Mas o problema não está no nome nem no perfil do novo governador. O que está em causa é o padrão de nomeações que Montenegro tem vindo a seguir para as principais instituições do país. Nomeações que têm sido feitas em circuito fechado, sem diálogo institucional – nem sequer envolvem o Presidente da República –, e que privilegiam sistematicamente nomes próximos do PSD (muitas vezes antigos governantes) ou que têm mesmo relações íntimas com o partido. À primeira oportunidade, o PSD deitou para o caixote de lixo da sua própria história o tempo em que esbracejava de forma estridente contra a claustrofobia democrática.

Nunca, em 50 anos de democracia, tivemos um Governo tão minoritário – nas últimas legislativas, a AD alcançou uns extraordinários 32,7% dos votos, num contexto em que o PS colapsou – a agir com tamanha voracidade na ocupação do aparelho do Estado e das instituições independentes, que deveriam estar obrigadas a garantir margens de autonomia na sociedade portuguesa. E nunca tivemos uma tal concentração de poder num só partido: o Presidente da República é ex-líder do PSD, o partido governa o país, os Açores, a Madeira e preside ainda à autarquia da capital do país. Nem em tempos de maiorias absolutas se viu algo semelhante.
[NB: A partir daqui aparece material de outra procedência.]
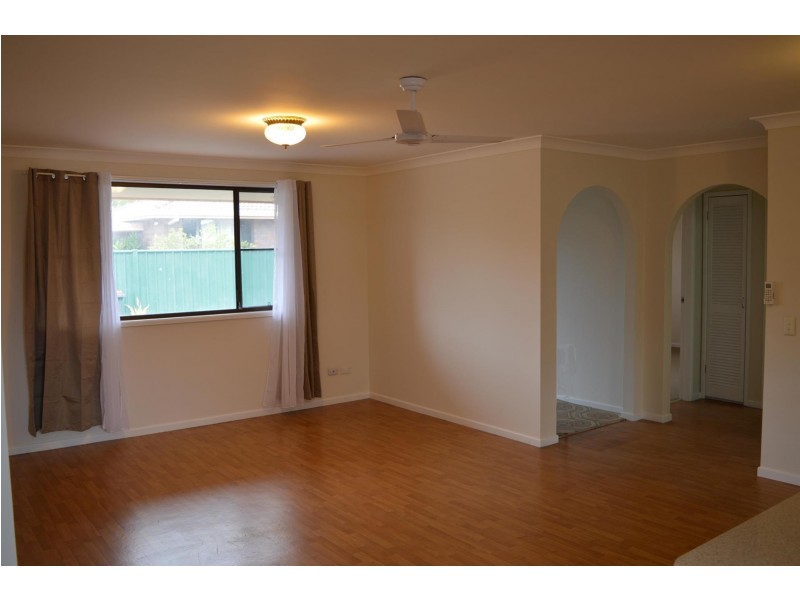 2/6 Roseland Avenue, Yamba NSW 2464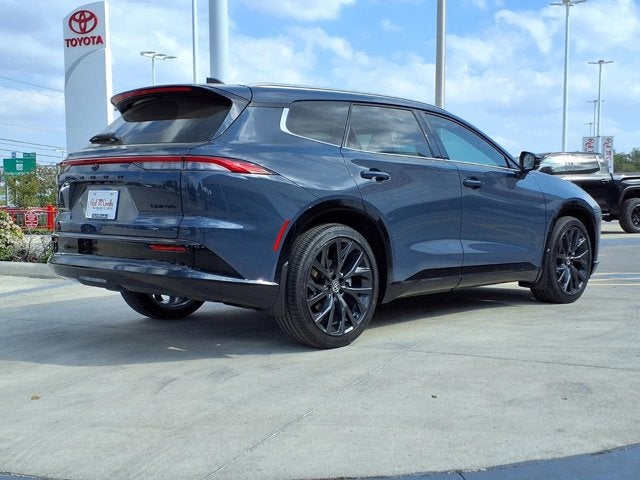 2026 Toyota Crown Signia Limited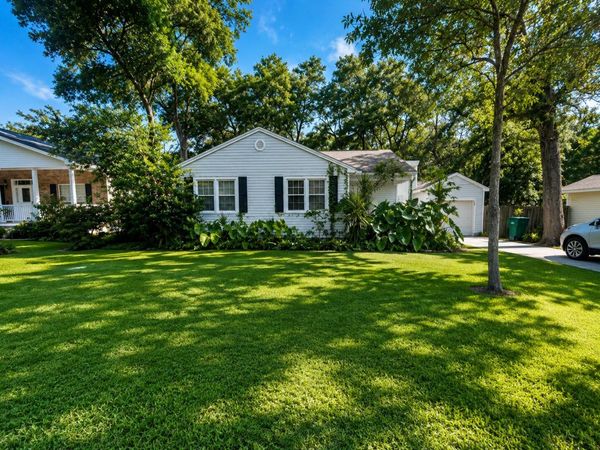 12 Plew Avenue, Shalimar, FL 32579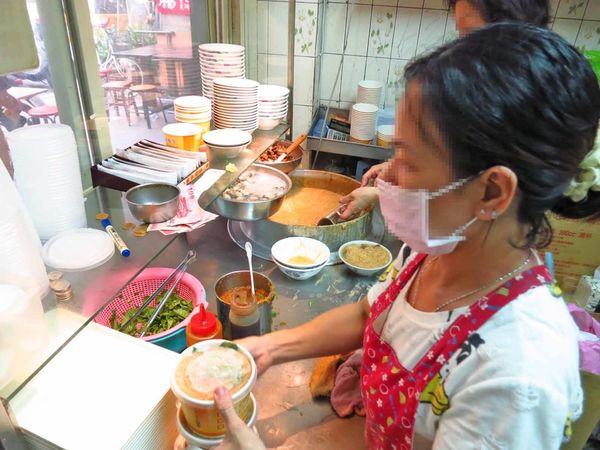 【台北萬華美食】陳記專業蚵仔麵線-超大顆飽滿的蚵仔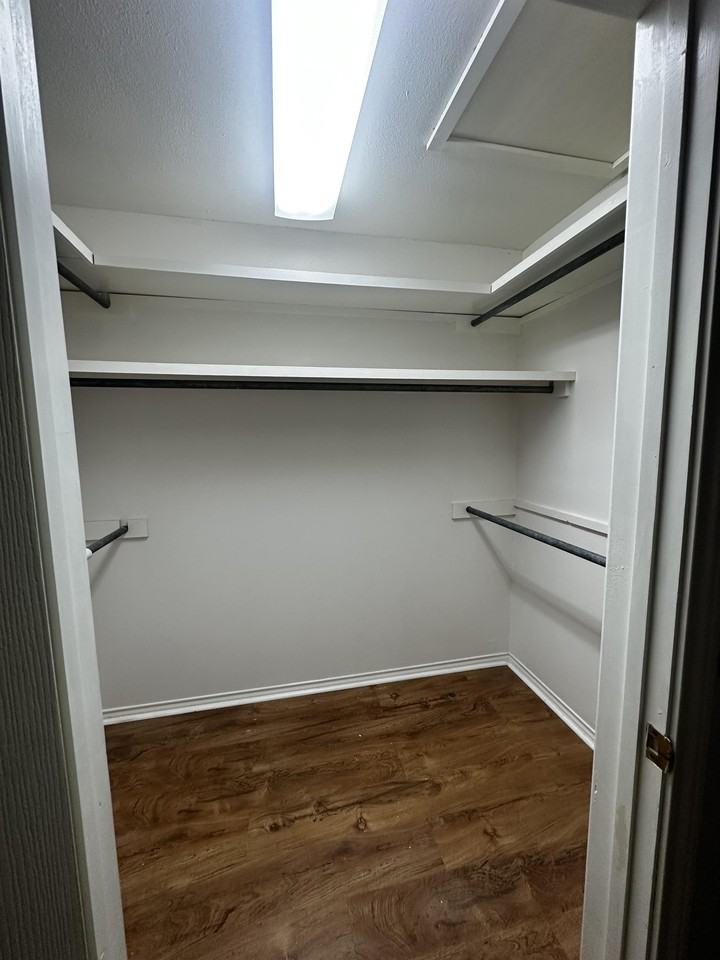 The Oaks @ NorthPark - Photo 4 of 7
Esta pulsão para “comer tudo” é preocupante por si só. Mas torna-se ainda mais grave num contexto em que os mecanismos de controlo e equilíbrio de poder estão a ser sistematicamente enfraquecidos. A democracia vive de limites ao poder, não da sua concentração.

Se olharmos retrospetivamente, e por muito que isso tenha incomodado os governantes de turno, o país beneficiou objetivamente por ter presidentes do Tribunal de Contas com autonomia e espírito crítico face ao Governo (basta recordar o modo como Cavaco Silva via em Sousa Franco uma “força de bloqueio), em manter uma tradição de ter o banco público presidido por alguém mais próximo da oposição (Paulo Macedo, que tem tido um ótimo desempenho à frente da Caixa Geral de Depósitos, foi nomeado por António Costa) ou em ter provedores de Justiça vocais e sem receio de contemporizar com o poder político.
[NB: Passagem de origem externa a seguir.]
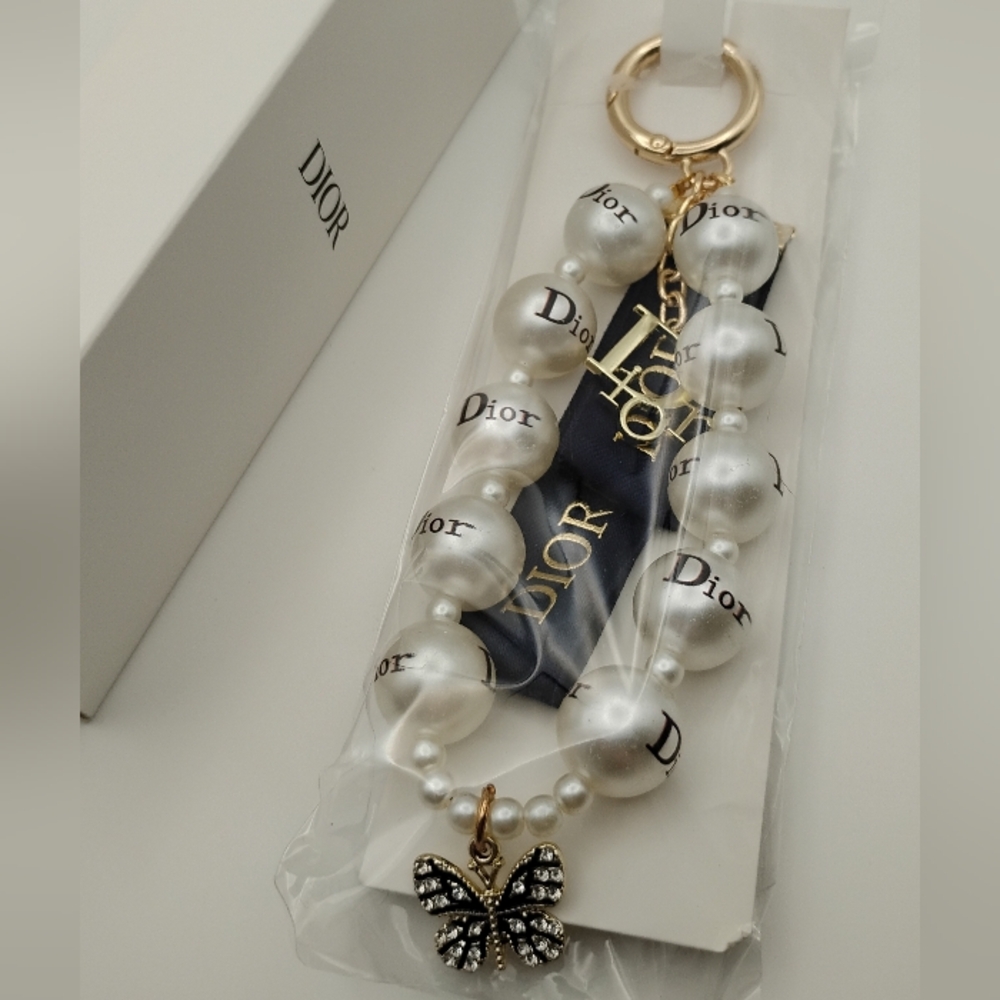 Dior Pearl and Gold Keychain with Butterfly&Dior On Pearls Charm BNIB - Picture 2 of 3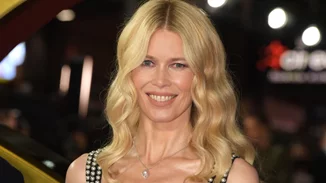 Claudia Schiffer | Οι εντυπωσιακές φωτογραφίες από τις φετινές διακοπές της στην Ελλάδα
O tema é sério, tem consequências e rompe com uma tradição salutar da democracia portuguesa. Como é óbvio, a questão que se coloca não é de partilha de cargos entre partidos, é de sabermos como é que garantimos o pluralismo e disseminamos um sistema de contrapoderes, decisivo para a salubridade de uma democracia como a nossa (na qual os princípios liberais não estão suficientemente consolidados).
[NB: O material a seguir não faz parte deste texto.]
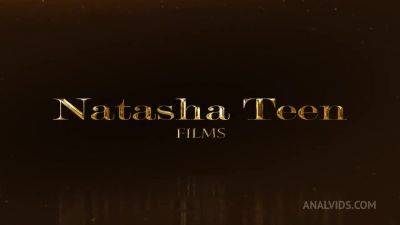 Sexy skinny Elina sansd. She opens her tight ass to receive two big cocks in her ass DAP - hotmovs.com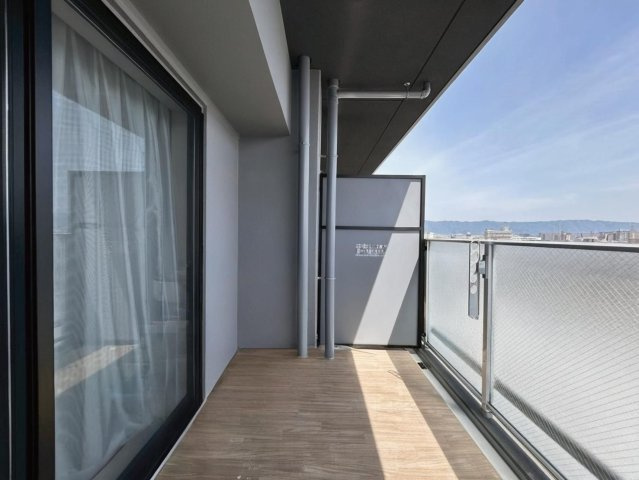 グランドパレス長田のバルコニー|奥行きのある広々としたバルコニー。洗濯物を干しやすいだけでなく、晴れた日には開放感のある眺望も楽しめ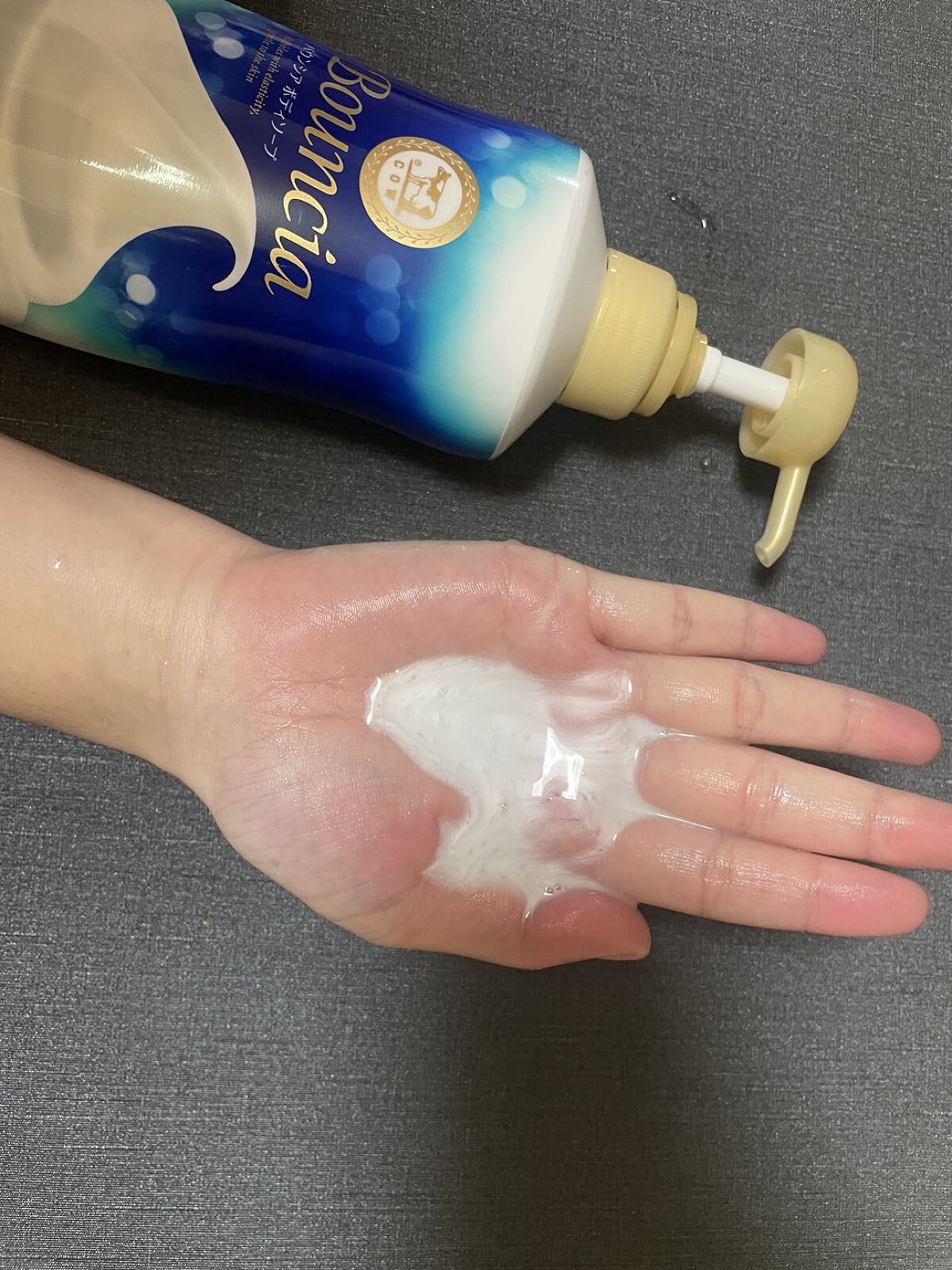 バウンシアボディソープ ホワイトフラワーガーデンの香り/Bouncia/ボディソープを使ったクチコミ（3枚目）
Desta feita, a história está claramente a ser outra. O Governo abdicou de promover um espírito de compromisso com uma sociedade que é, por definição, mais plural e, pelo contrário, está empenhado numa lógica de terraplanar tudo o que possa levantar ondas e limitar a sua vontade – como se viu na acrimónia com que lidou com Mário Centeno ao longo do último ano. O que serve para recordar que a democracia não se esgota no voto. Vive do pluralismo, da crítica e, fundamental, da limitação do poder.»